Mais de meio século de violações

Tornar a vida humana impraticável dentro do Sapê do Norte parece ser um objetivo permanente da Suzano, desde os seus tempos de Aracruz Celulose, quando expulsou do território 90% das famílias quilombolas que lá viviam há gerações, derrubou milhares de hectares de Mata Atlântica nativa e iniciou a expansão de seu deserto verde para produção de celulose.

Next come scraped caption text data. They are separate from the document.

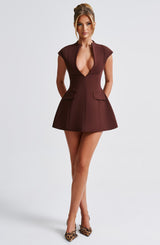 Suri Mini Dress - Brown Dress Babyboo Fashion Premium Exclusive Design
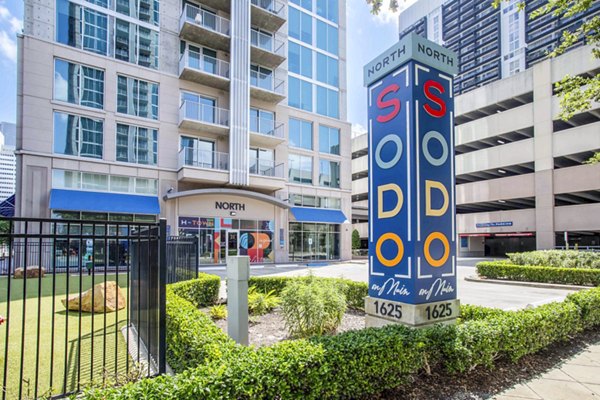 signage/building/exterior at SoDo on Main North Apartments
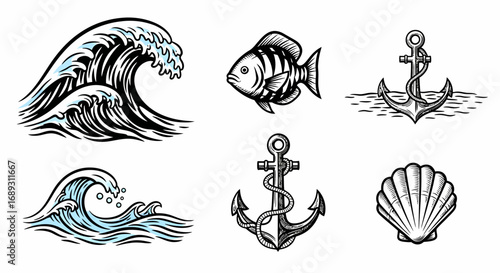 Hand drawn nautical symbols wave anchor fish shell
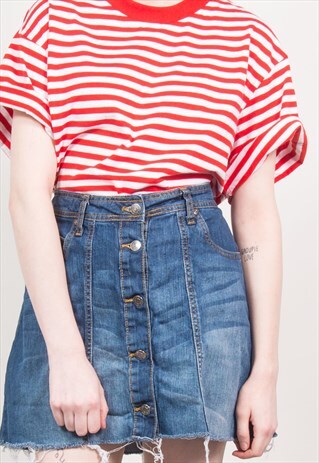VINTAGE 90'S DENIM HIGH WAIST FRAYED SKIRT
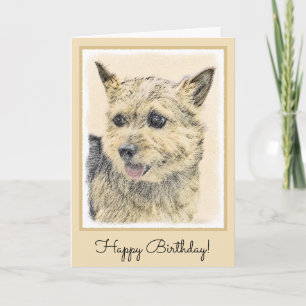 Tarjeta Pintura de Norwich Terrier - Arte de Perro Origina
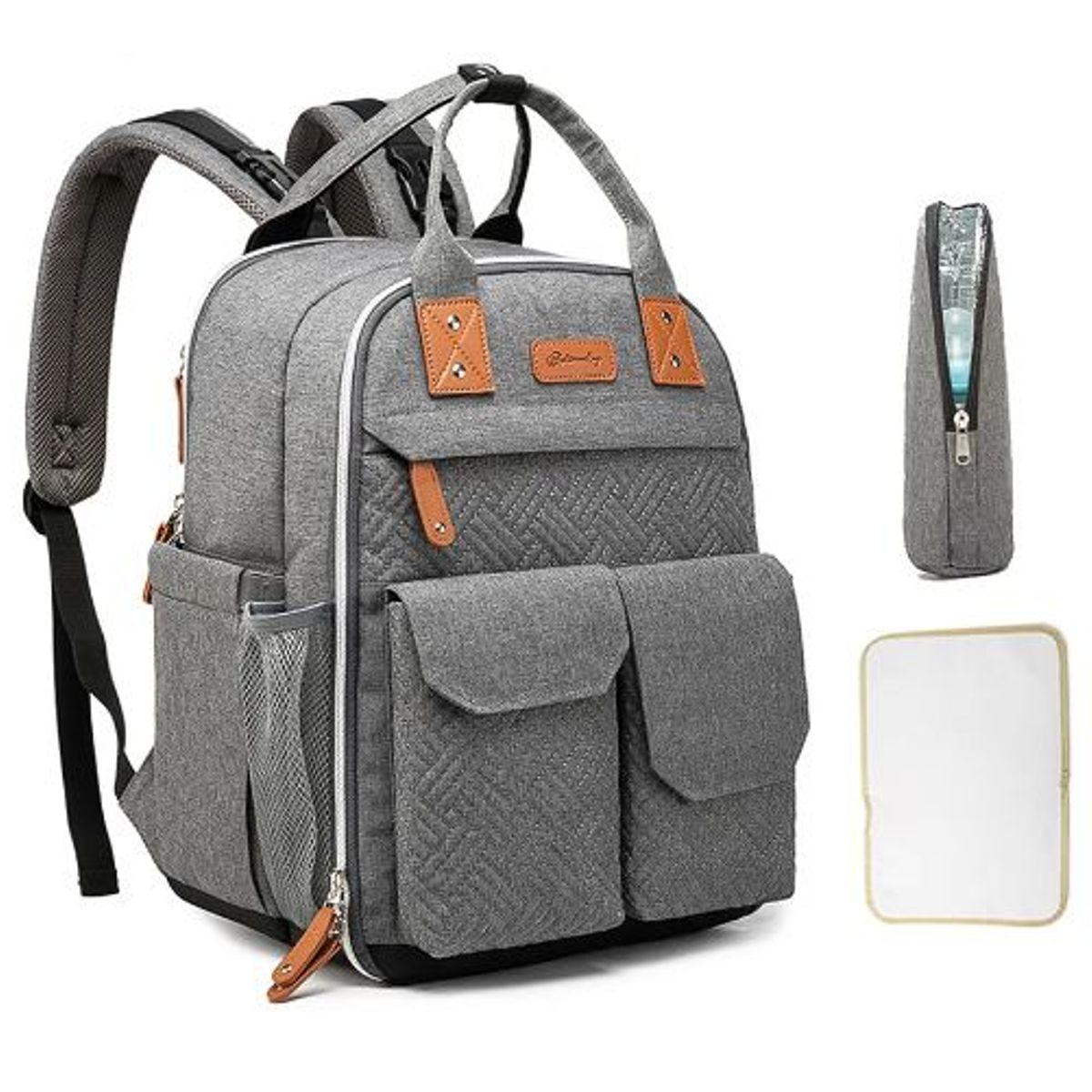 IKSA - Pañalera Espaciosa Multifuncional Impermeable Gris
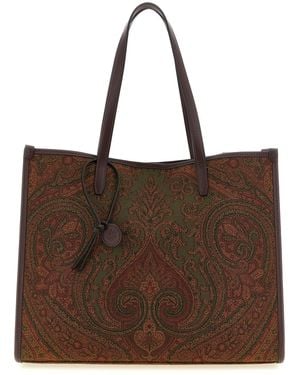 Etro Shopping Bag With Jacquard Paisley Motif - Brown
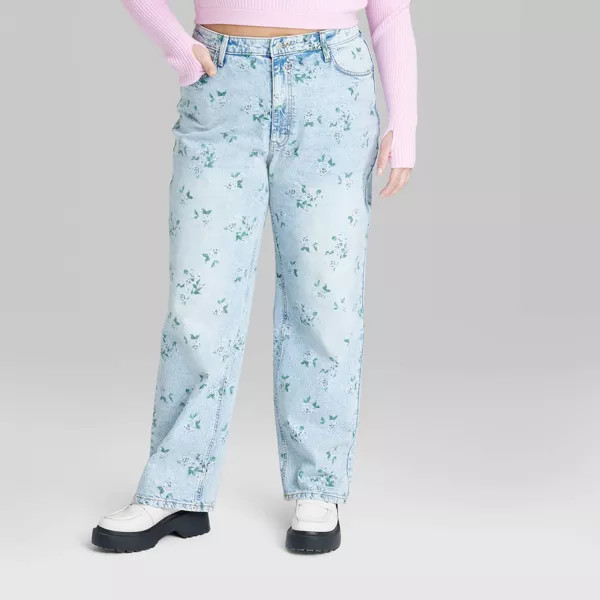 Women's 90's Relaxed Straight Jeans - Wild Fable™ Light Blue Floral | Target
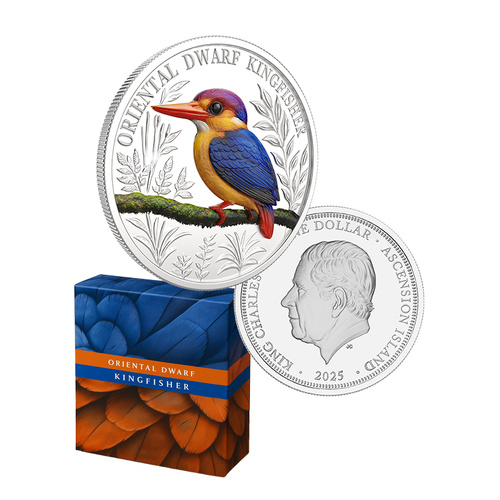 2025 $1 Oriental Dwarf Kingfisher 1oz Silver Proof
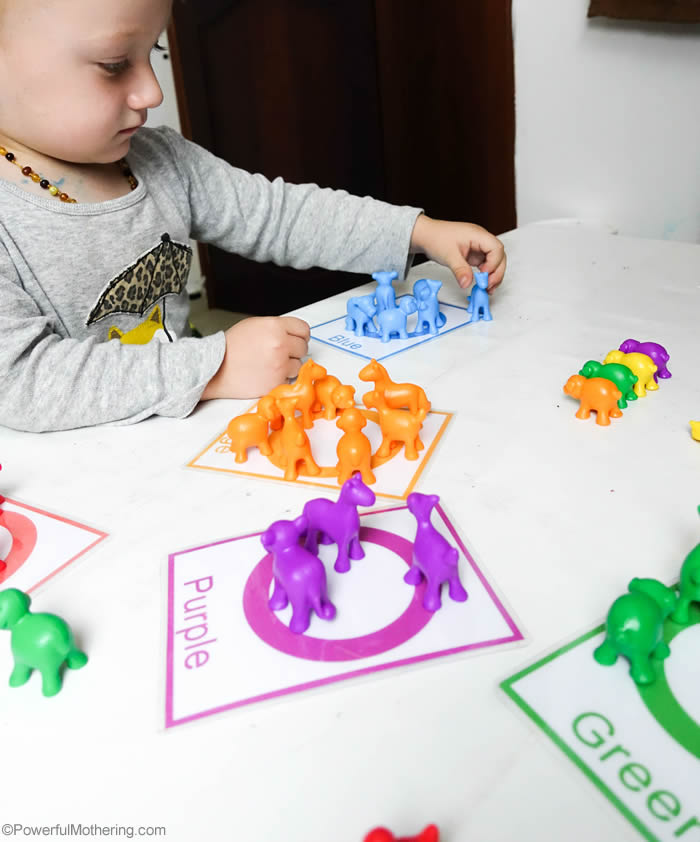 Color Sorting Game For Toddlers With Cards
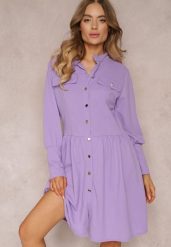 Fioletowa Sukienka Mini z Kołnierzem i Ozdobnymi Klapami Zylana. Fioletowe sukienki damskie Renee, na co dzień, bez wzorów, eleganckie, bez kołnierzyka, bez ramiączek, mini, koszulowe. Za 99.99 zł.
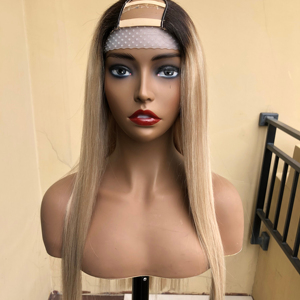 Nueva Llegada Highlight Hair U Part Peluca Cabello Humano 22 "150 Densidad Cabello Liso Sedoso Transparente Brasileño 1 PC Largo Medio - Product Image 1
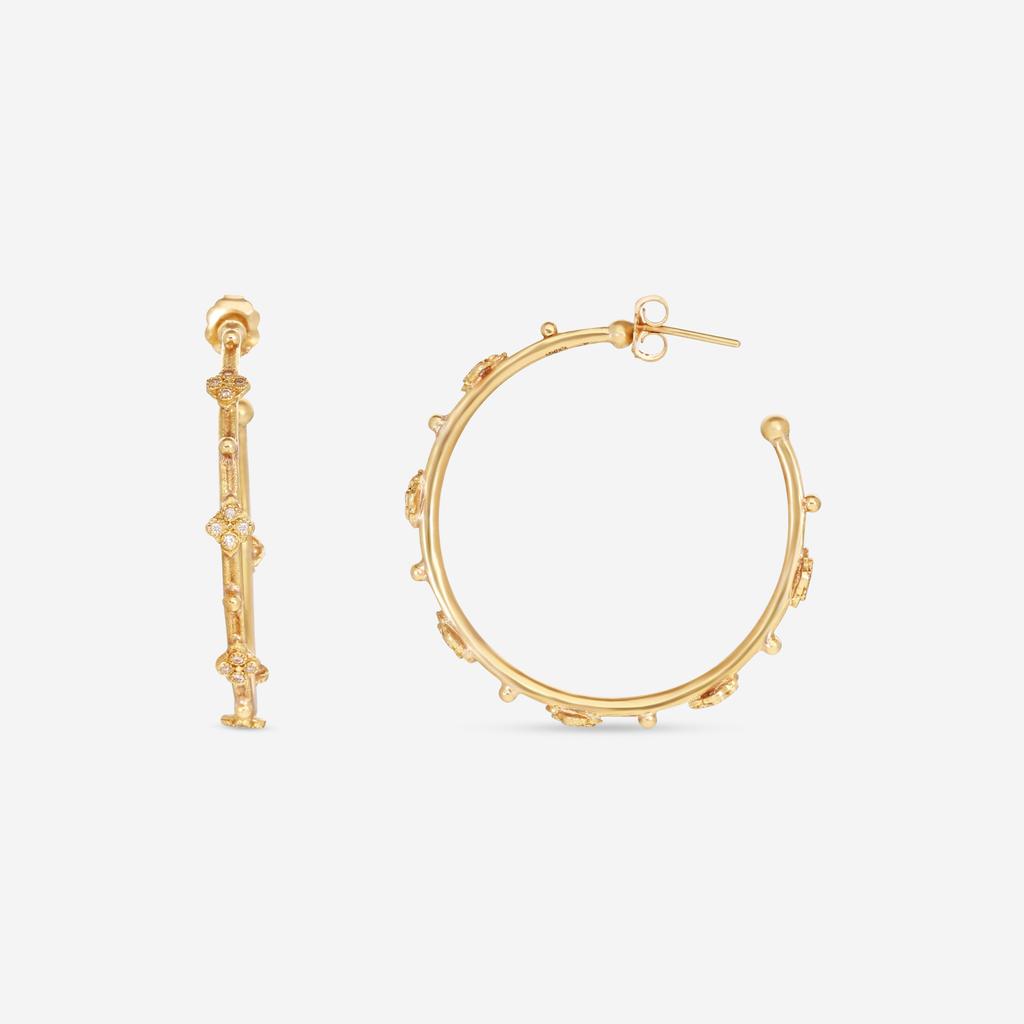 Armenta Armenta Sueno 18K Yellow Gold White Diamond 35mm Side Hoop Earrings 06495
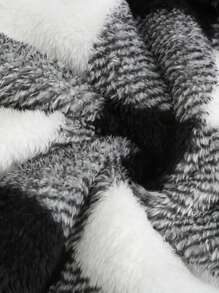 INAWLY Plaid Patchwork Faux Sherpa Women Casual Sweatshirt, Autumn/Winter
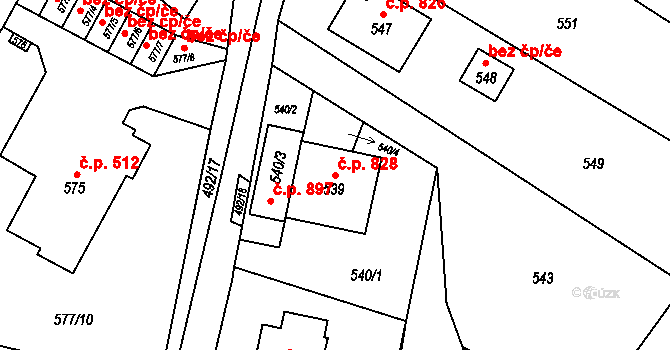 Jablunkov 828 na parcele st. 539 v KÚ Jablunkov, Katastrální mapa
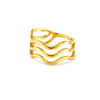 Gold ring with wavy design on a white background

A criação da Mesa de Resolução de Conflitos Fundiários, pelo Governo Casagrande, que deveria sanar as violações de direitos humanos e fundiários das comunidades, por sua vez, não alcança nenhum resultado efetivo, sendo manipulada pela multinacional para continuar usurpando o território quilombola.

Força-tarefa e retomadas

Ações efetivas surgem por parte do Instituto Nacional de Colonização e Reforma Agrária (Incra), que sob gestão do presidente Lula (PT), determinou uma força-tarefa para concluir a titulação das comunidades já certificadas pela Fundação Palmares, muitas há mais de 15 anos. As próprias comunidades também tomam medidas que lhe cabem, realizando retomadas, como em Nossa Senhora da Penha e Nova Vista, diante da recusa da Suzano de retirar seus eucaliptais das terras quilombolas.